Prediction of domain total using preliminary test

Abstract

In the paper the problem of prediction of the total of a variable under study in a population domain is considered. Two predictors are used in practice. One of them is the sub-sample mean (drawn from the domain) multiplied by the size of the domain. The other one is the average of the variable from the full sample (drawn from a whole population) multiplied by the size of the domain. Both predictors are unbiased if the expected values of variables in the domain and in the population are the same. The mean square error of the second predictor (based on the full sample) is not larger than the mean square error of the first one (based on the subsample). Hence, we should use the second predictor provided the domain mean is equal to the population mean. So, the hypothesis that both means are the same can be formulated. If the hypothesis is true we use the second predictor. Otherwise we use the first one. In the paper the unbiasedness of the defined preliminary test predictor is considered as well as the derivation of variance of prediction error. Moreover, some other test-predictors of a domain total are proposed, too. Let us note that a preliminary test predictor can be named, more simply, a test-predictor. The test predictor is constructed similarly to the well known preliminary test estimator.
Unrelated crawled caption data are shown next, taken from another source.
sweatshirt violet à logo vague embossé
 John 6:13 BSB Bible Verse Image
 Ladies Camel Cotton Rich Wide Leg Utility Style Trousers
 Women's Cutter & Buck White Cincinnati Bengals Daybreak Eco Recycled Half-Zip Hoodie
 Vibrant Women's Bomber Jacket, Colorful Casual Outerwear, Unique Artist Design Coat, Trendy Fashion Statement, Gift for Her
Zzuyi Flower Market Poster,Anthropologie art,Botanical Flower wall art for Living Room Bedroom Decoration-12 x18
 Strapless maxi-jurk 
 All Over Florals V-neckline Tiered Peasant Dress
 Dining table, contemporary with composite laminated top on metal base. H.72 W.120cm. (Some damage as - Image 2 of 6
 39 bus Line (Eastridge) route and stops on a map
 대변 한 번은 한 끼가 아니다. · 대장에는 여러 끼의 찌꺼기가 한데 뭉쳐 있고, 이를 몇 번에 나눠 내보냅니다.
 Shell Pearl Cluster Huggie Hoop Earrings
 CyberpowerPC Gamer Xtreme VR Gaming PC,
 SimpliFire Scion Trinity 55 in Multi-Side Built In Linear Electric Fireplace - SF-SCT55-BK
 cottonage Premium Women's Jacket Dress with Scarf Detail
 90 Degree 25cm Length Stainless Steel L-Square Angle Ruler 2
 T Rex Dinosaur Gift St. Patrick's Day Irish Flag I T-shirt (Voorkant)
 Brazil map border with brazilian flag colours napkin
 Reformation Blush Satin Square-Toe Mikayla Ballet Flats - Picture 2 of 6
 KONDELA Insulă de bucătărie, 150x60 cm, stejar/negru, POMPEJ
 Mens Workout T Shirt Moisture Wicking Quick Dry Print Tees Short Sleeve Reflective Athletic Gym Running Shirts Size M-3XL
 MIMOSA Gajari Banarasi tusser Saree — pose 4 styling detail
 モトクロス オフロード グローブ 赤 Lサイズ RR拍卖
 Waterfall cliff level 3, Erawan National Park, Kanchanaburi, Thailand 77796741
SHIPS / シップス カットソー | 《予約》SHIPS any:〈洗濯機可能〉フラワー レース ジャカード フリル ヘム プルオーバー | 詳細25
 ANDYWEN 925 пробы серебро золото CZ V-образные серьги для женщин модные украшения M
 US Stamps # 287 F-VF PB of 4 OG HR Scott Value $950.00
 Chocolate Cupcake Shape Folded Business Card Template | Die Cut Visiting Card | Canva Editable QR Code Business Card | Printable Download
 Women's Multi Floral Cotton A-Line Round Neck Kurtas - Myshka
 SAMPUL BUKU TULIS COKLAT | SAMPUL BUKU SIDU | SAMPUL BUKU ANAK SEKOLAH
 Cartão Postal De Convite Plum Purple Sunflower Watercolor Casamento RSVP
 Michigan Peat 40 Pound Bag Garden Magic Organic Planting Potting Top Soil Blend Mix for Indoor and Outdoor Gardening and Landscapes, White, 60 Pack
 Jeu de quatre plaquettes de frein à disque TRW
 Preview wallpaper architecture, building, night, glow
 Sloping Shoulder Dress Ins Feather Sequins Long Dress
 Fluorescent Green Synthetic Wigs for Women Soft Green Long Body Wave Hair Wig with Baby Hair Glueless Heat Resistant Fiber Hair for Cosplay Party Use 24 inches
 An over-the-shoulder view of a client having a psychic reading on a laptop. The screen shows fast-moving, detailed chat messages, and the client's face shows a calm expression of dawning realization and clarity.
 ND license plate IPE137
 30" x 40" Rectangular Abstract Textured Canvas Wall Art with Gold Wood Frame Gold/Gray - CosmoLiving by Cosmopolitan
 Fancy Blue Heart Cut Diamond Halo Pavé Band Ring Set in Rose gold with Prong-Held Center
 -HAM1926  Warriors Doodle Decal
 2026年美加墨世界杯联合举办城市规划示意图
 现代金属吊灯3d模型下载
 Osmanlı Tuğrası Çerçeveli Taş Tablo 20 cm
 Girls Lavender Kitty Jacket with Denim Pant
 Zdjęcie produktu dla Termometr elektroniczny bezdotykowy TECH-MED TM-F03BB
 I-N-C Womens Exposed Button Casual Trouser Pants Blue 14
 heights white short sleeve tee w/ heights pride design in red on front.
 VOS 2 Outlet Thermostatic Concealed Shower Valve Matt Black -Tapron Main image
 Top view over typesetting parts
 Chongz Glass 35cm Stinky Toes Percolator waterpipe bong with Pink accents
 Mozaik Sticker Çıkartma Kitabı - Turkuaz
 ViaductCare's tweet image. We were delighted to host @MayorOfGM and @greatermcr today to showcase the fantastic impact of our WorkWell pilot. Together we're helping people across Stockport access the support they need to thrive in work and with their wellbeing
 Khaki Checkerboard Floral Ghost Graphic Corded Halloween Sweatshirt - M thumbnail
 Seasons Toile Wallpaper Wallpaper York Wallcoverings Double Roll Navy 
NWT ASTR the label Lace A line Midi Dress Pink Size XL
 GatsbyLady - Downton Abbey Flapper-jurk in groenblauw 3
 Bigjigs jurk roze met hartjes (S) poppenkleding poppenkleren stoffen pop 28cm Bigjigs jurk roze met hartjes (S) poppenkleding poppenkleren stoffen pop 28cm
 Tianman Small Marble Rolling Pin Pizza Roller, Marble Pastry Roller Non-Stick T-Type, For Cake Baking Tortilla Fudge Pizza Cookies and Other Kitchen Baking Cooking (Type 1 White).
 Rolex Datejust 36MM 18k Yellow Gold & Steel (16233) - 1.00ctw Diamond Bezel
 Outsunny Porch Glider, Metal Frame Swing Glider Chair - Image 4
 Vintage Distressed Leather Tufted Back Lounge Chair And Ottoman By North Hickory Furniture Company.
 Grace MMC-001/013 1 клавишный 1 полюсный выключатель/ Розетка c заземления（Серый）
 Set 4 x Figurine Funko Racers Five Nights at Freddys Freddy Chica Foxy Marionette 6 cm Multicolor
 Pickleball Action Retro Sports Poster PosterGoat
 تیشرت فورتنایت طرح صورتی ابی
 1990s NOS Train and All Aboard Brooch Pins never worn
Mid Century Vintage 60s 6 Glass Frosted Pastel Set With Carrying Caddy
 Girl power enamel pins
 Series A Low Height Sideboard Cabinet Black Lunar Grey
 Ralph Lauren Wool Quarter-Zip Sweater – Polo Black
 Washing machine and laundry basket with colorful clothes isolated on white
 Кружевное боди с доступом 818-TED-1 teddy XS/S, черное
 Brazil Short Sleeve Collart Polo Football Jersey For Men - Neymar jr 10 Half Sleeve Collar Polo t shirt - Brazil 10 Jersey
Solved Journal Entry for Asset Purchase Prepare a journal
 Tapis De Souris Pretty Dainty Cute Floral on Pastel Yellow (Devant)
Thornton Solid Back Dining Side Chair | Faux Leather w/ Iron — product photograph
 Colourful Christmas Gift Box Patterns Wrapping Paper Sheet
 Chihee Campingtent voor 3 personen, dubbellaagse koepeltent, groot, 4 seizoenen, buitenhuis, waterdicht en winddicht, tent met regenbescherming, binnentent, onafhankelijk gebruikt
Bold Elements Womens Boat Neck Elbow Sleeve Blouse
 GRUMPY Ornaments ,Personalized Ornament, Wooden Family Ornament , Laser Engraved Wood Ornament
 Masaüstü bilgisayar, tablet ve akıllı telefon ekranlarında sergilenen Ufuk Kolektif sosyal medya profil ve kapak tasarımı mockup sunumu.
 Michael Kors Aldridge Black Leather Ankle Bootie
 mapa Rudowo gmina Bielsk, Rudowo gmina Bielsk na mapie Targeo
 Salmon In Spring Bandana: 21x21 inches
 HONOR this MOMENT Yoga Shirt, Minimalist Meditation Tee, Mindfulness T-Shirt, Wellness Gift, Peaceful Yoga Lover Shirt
Their properties and applications are considered by Saleh (2006) and earlier e.g. by Bankroft (Ann Math Stat 15(2):190–204, 1944), Bankroft and Han (Int Stat Rev 45:117–127, 1977), Bock et al. (J Am Stat Assoc 68(341):109–116, 1973), Giles and Giles (J Econ Surv 7(2):146–197, 1993), Giles et al. (J Am Stat Assoc 87(420):1153–1157, 1992), Judge and Bock (1978) and Sclove et al. (Ann Math Stat 43(5):1481–1490, 1972).